Claims 7-10 and 16 are rejected under 35 U.S.C. 103 as being unpatentable over Abdel-Reheem et al. (US 9,971,763 B2) in view of Le et al. (“Application of a Hybrid Bi-LSTM-CRF Model to the Task of Russian Named Entity Recognition”) in view of Miao et al. (US 2017/0091652 A1) and further in view of Chen et al. (“Attention-based Hierarchical Neural Query Suggestion”).
Regarding Claim 7,
Abdel-Reheem et al. in view of Le et al. teaches the method of claim 6.
Abdel-Reheem et al. in view of Le et al. does not appear to explicitly teach wherein the method further comprises: performing a global training process on the base neural network classifier, for a plurality of users, using a global training dataset.
However, Miao et al. teaches wherein the method further comprises: performing a global training process on the base neural network classifier, for a plurality of users, using a global training dataset (pg. 2 [0023]: “The client may then generate an update to the global version by providing user feedback and/or other input data as training data to the global version. In turn, the clients may transmit updates 114-116 to server 102, and server 102 may merge updates 114-116 into subsequent global versions of statistical model 108. After a new global version of statistical model 108 is created, server 102 may transmit the new global version to the clients to propagate updates” and pg. 4 [0045]: “aggregated input from the other users used to create global versions of statistical model 108” teach that the global version of the statistical model is trained with a global training data set with data coming from multiple users, thus rendering the training process to be a global process; pg. 1-2 [0021]: “Statistical model 108 may be used to perform statistical inference, estimation, classification, clustering, personalization, recommendation, optimization, hypothesis testing, and/or other types of data analysis. For example, statistical model 108 may be a regression model, artificial neural network...hierarchical model, and/ or ensemble model. The results of such analysis may be used to discover relationships, patterns, and/or trends in the data; gain insights from the input data; and/or guide decisions or actions related to the data. For example, statistical model 108 may be used to analyze input data related to users, organizations, applications, websites, content, and/or other categories. Statistical model 108 may then be used to output scores, provide recommendations, make predictions, manage relationships, and/or personalize user experiences based on the data” teaches the statistical model 108 can be a neural network and the model can be used to analyze input data related to users to perform classification).

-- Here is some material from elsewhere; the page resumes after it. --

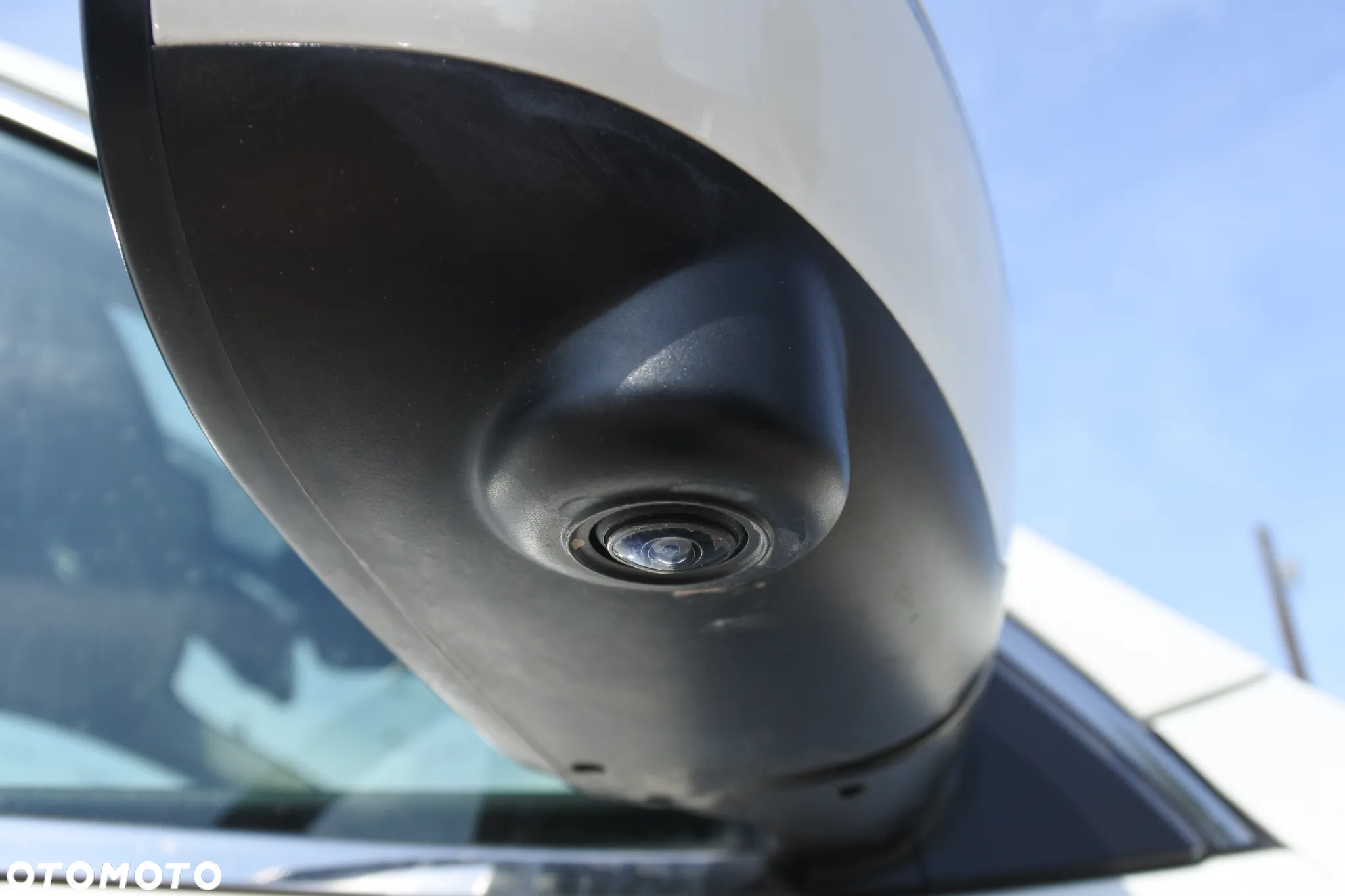 Nissan Qashqai 1.2 DIG-T Xtronic TEKNA - 32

Abdel-Reheem et al., Le et al., and Miao et al. are analogous art to the claimed invention because they are directed to machine learning analytics.

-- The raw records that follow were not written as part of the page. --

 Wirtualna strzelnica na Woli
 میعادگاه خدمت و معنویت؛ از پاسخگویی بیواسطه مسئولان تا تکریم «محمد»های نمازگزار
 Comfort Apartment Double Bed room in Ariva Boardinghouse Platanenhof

It would have been obvious for one of ordinary skill in the arts before the effective filing date of the claimed invention to incorporate wherein the method further comprises: performing a global training process on the base neural network classifier, for a plurality of users, using a global training dataset as taught by Miao et al. to the disclosed invention of Abdel-Reheem et al. in view of Le et al.
One of ordinary skill in the arts would have been motivated to make this modification because 
“updates to the global versions are not affected by variations in the processing speed, computational power, and/or network delay of individual clients, statistical model 108 may be updated faster than distributed machine learning techniques that include barriers or locks for synchronizing statistical model updates” (Miao et al. pg. 2 [0026]).
Abdel-Reheem et al. in view of Le et al. in view of Miao et al. does not appear to explicitly teach performing a custom training process on the hierarchical neural network classifier, for a first user of the plurality of users, using a custom training dataset associated with the first user.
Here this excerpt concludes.